The invariant is that each number appears exactly once, and following the cycles ensures consecutive elements in q are consecutive in some cycle of p. This structure minimizes jumps between q_i and p[q_{i+1}], giving a minimal weight. Because all numbers are included, q remains a valid permutation.

Python Solution

import sys
input = sys.stdin.readline

t = int(input())
for _ in range(t):
    n = int(input())
    p = list(map(int, input().split()))
    
    visited = [False] * (n + 1)
    q = []
    
    for i in range(1, n + 1):
        if not visited[i]:
            cur = i
            while not visited[cur]:
                visited[cur] = True
                q.append(cur)
                cur = p[cur - 1]
    print(*q)

The code first reads the number of test cases. For each test case, it reads n and p. The visited array ensures we only follow each cycle once.

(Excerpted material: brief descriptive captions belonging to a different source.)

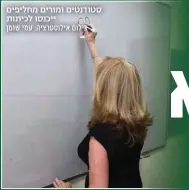  ??  ?? סטודנטים ומורים מחליפים ייכנסו לכיתות צילום אילוסטרציה: עמי שומן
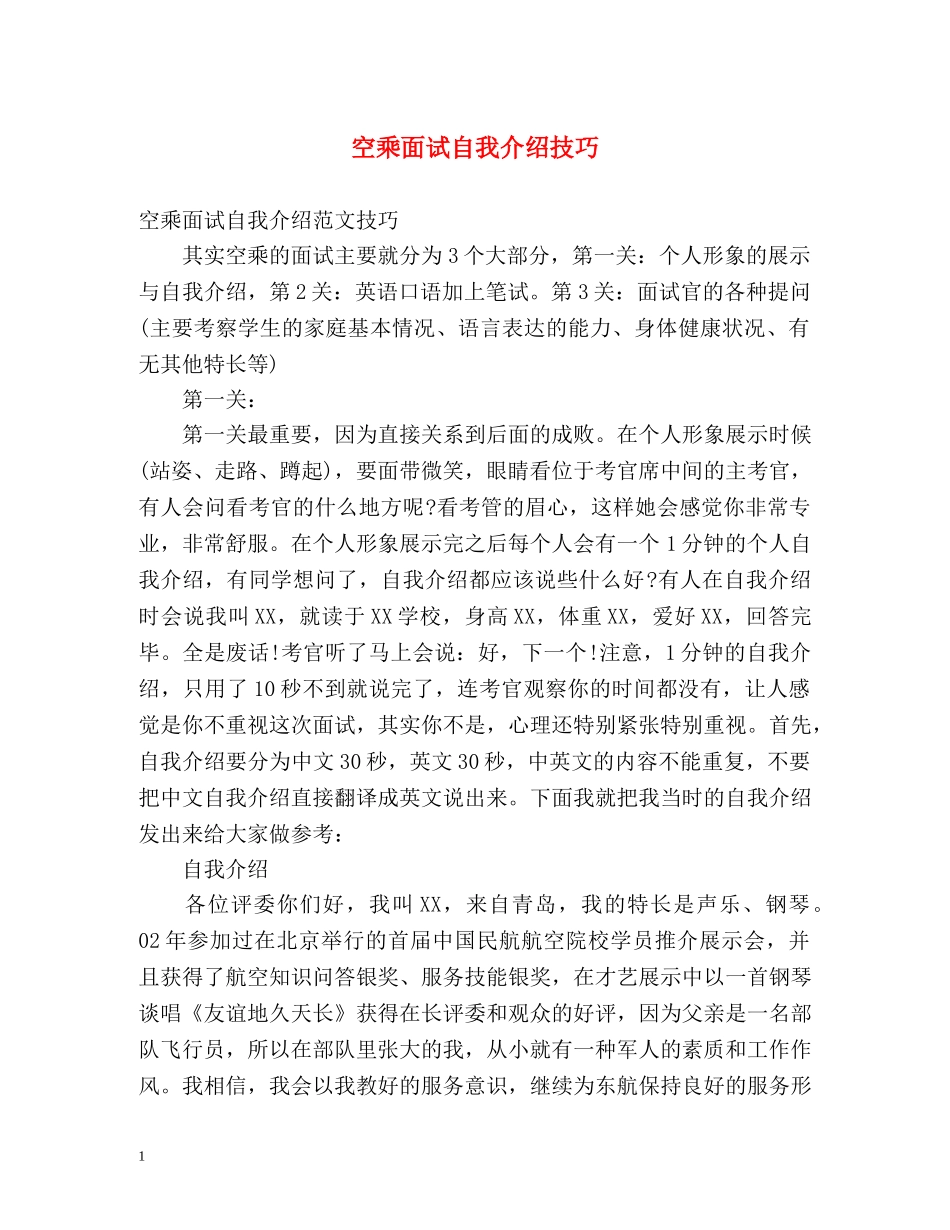 空乘面试自我介绍技巧 _第1页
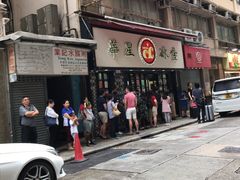门面-华星冰室(湾仔店)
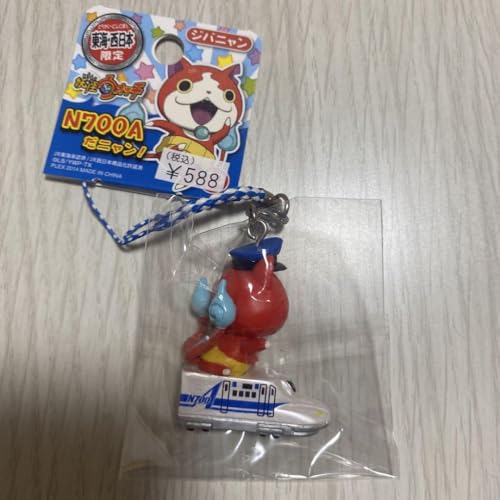 Yo-Kai Watch Jibanyan Figure Strap3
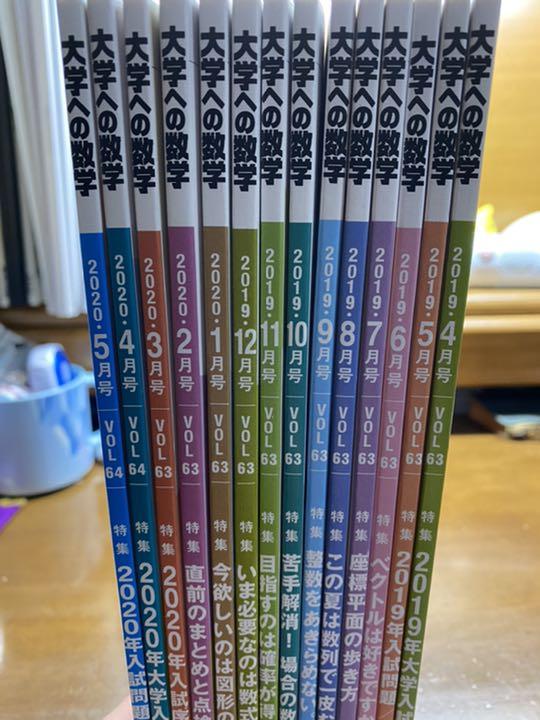 低価通販 月刊 2019年4月号〜2020年5月号 14冊 HjmUr-m88632839003 大学への数学 最新品特価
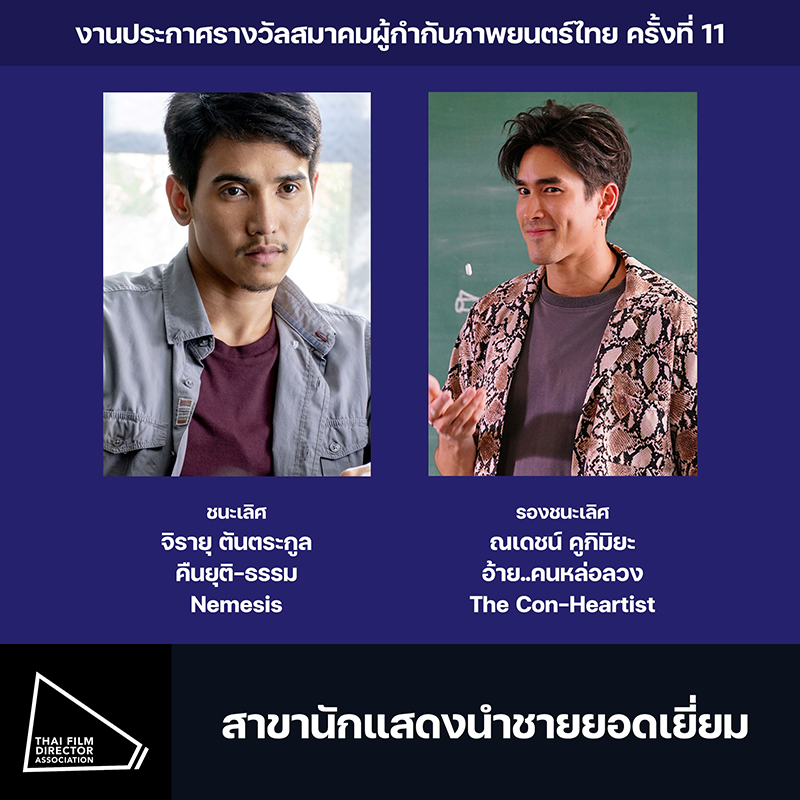 งานประกาศรางวัลสมาคมผู้กำกับภาพยนตร์ไทย ครั้งที่ 11 ประจำปี 2564
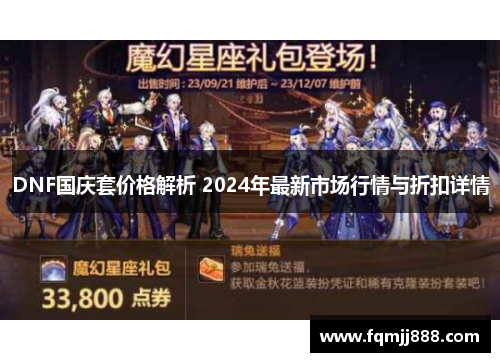 DNF国庆套价格解析 2024年最新市场行情与折扣详情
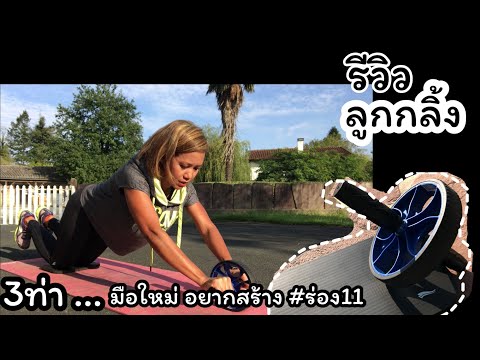 รีวิว ลูกกลิ้ง บริหารหน้าท้อง ร่อง11 สำหรับมือใหม่ อยากลองทำ |มาดามแอร์รี่|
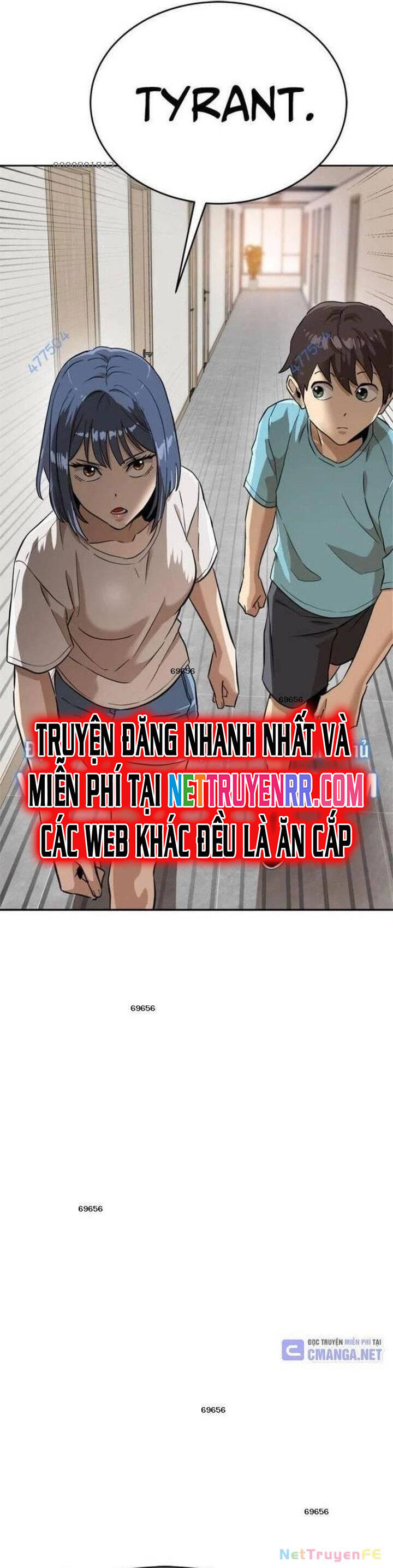 Double Click - Chapter 144 - Page 3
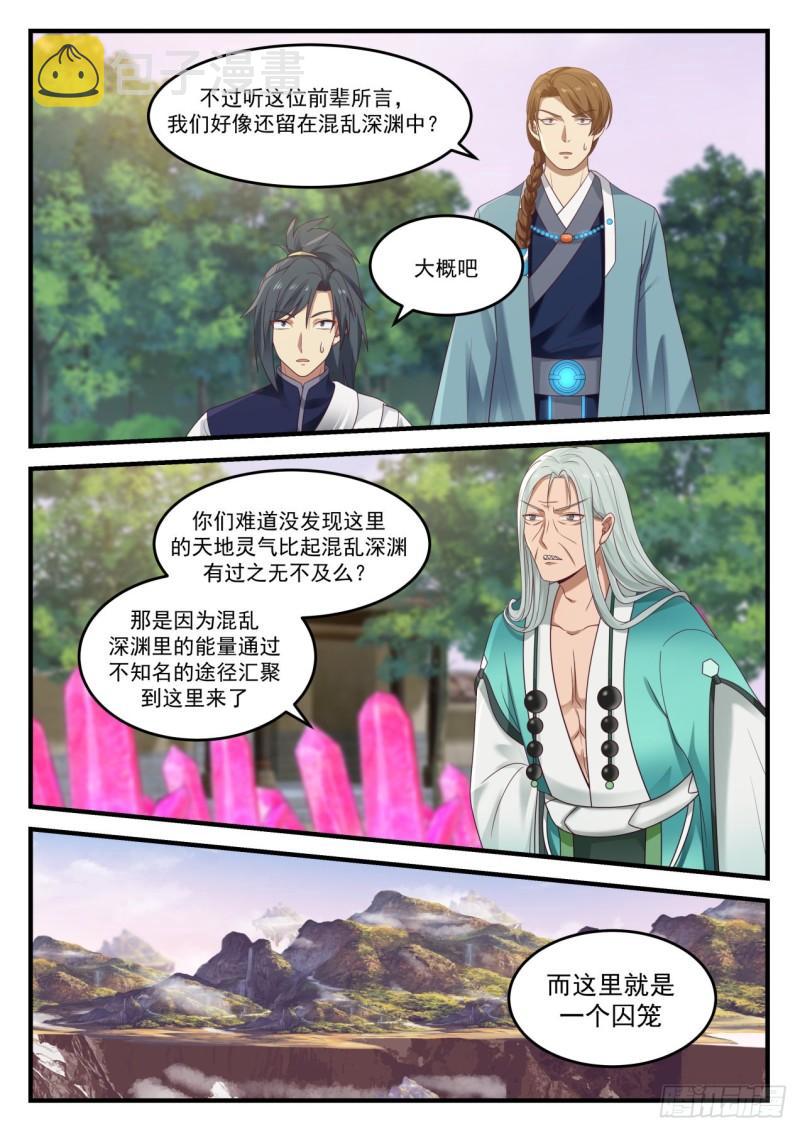 873 暗星12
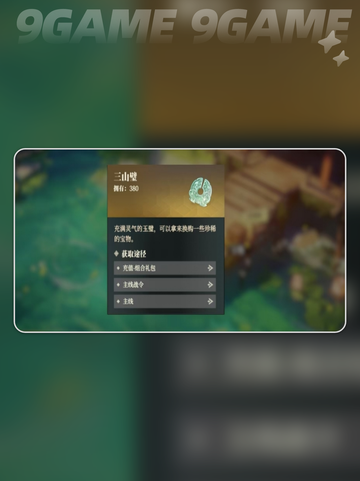 三国志幻想大陆2枭之歌改名怎么操作介绍截图5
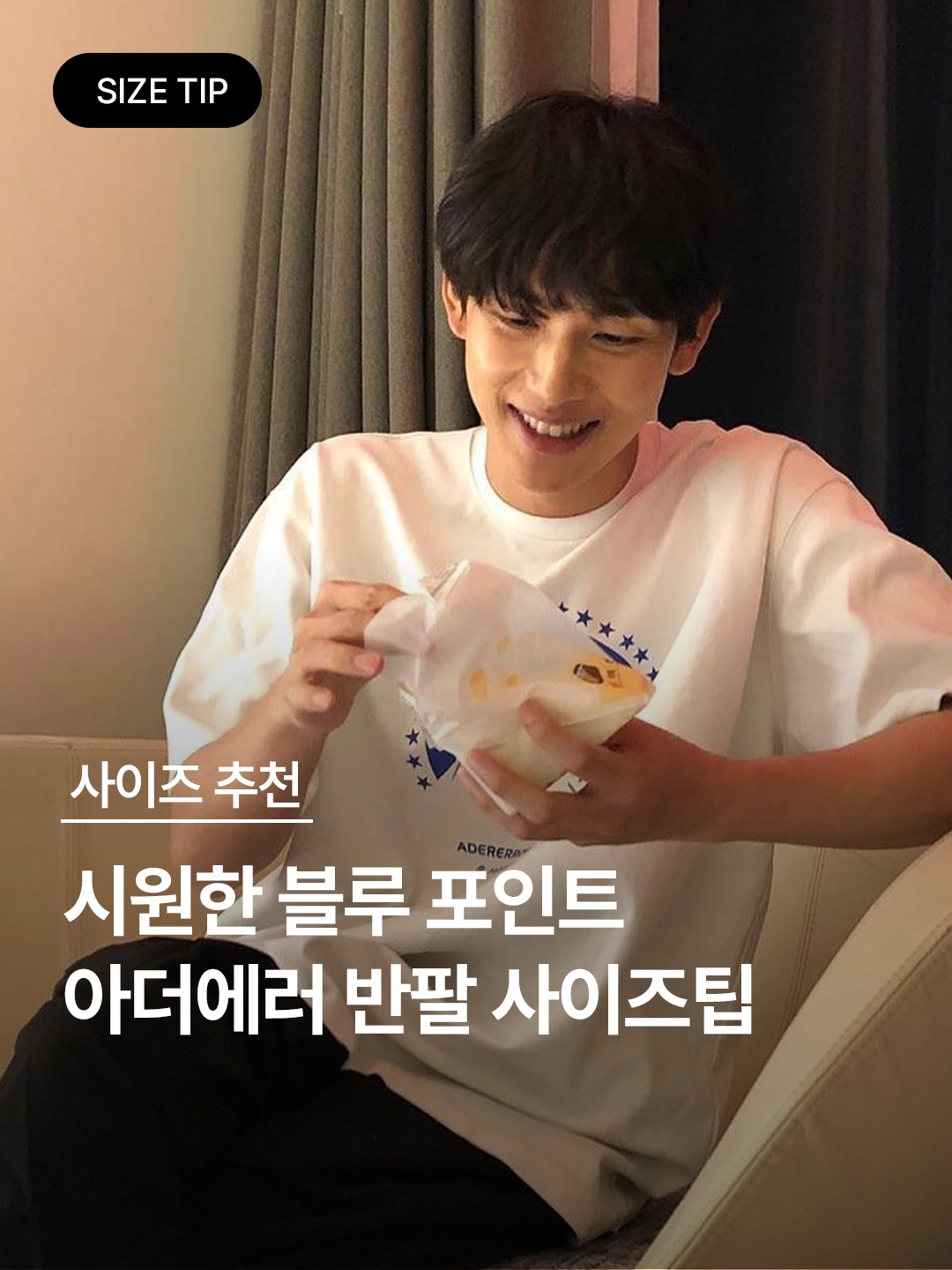 Maison Kitsune x Ader Error Yawn Fox T-Shirt Off White, Ader Error Sig; TRS/BL Tag T-Shirt 01 Z-Blue 착용 스타일 - 1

Following the cycle structure of p guarantees that each number appears exactly once in q and the weight is minimized. Indexing is carefully handled because p is 0-based in Python but the values range from 1 to n.

Worked Examples

Sample 1

Input: n=2, p=[2,1]

Step cur visited q
start 1 [False,False,False] []
1 1 [False,True,False] [1]
2 2 [False,True,True] [1,2]

Permutation q = [1,2] has weight |1-1| + |2-2| = 0.

Sample 2

Input: n=5, p=[5,4,3,2,1]

Step cur visited q
start 1 [False]*6 []
cycle 1 -> 5 [False,True,False,False,False,True] [1,5]
cycle 5 -> 1 (stop) same [1,5]
next 2 ... [1,5,2,4,3]

Permutation q = [1,5,2,4,3] minimizes the weight.

Complexity Analysis

Measure Complexity Explanation
Time O(n) per test case Each element is visited exactly once following its cycle
Space O(n) visited array and output permutation q

Given that the sum of n over all test cases is at most 400, this algorithm runs efficiently under the 1-second limit.

Test Cases

import sys, io

def run(inp: str) -> str:
    sys.stdin = io.StringIO(inp)
    output = io.StringIO()
    sys.stdout = output
    exec(open("solution.py").read())  # assume the solution code is in solution.py
    return output.getvalue().strip()

# Provided samples
assert run("3\n2\n2 1\n4\n2 3 1 4\n5\n5 4 3 2 1\n") in ["1 2\n1 3 4 2\n1 4 2 3 5", "2 1\n..."], "Sample tests"

# Custom cases
assert run("1\n2\n1 2\n") in ["1 2", "2 1"], "minimum size input"
assert run("1\n3\n3 1 2\n") in ["1 2 3", "2 3 1", "3 1 2"], "small cycle"
assert run("1\n4\n4 3 2 1\n") in ["1 4 2 3", "2 3 4 1"], "reversed permutation"
assert run("1\n5\n1 2 3 4 5\n") in ["1 2 3 4 5"], "already sorted"
Test input Expected output What it validates
2\n1 2 1 2 or 2 1 minimum-size permutation, both weights zero
3\n3 1 2 any valid cycle-based permutation small cycles handled correctly
4\n4 3 2 1 1 4 2 3 or 2 3 4 1 reverse permutation, algorithm handles multiple cycles
5\n1 2 3 4 5 1 2 3 4 5 identity permutation

Edge Cases

When n=2 and p=[2,1], there are two cycles: 1->2->1. The algorithm starts at 1 and follows the cycle producing q=[1,2]. Starting at 2 would produce q=[2,1]. Both outputs are valid because the weight calculation is symmetric in this case. This demonstrates that the algorithm handles cycles of length 2 correctly. Similarly, for n greater than 2 with multiple cycles, the algorithm concatenates all cycles in order, producing a valid permutation that preserves minimal weight.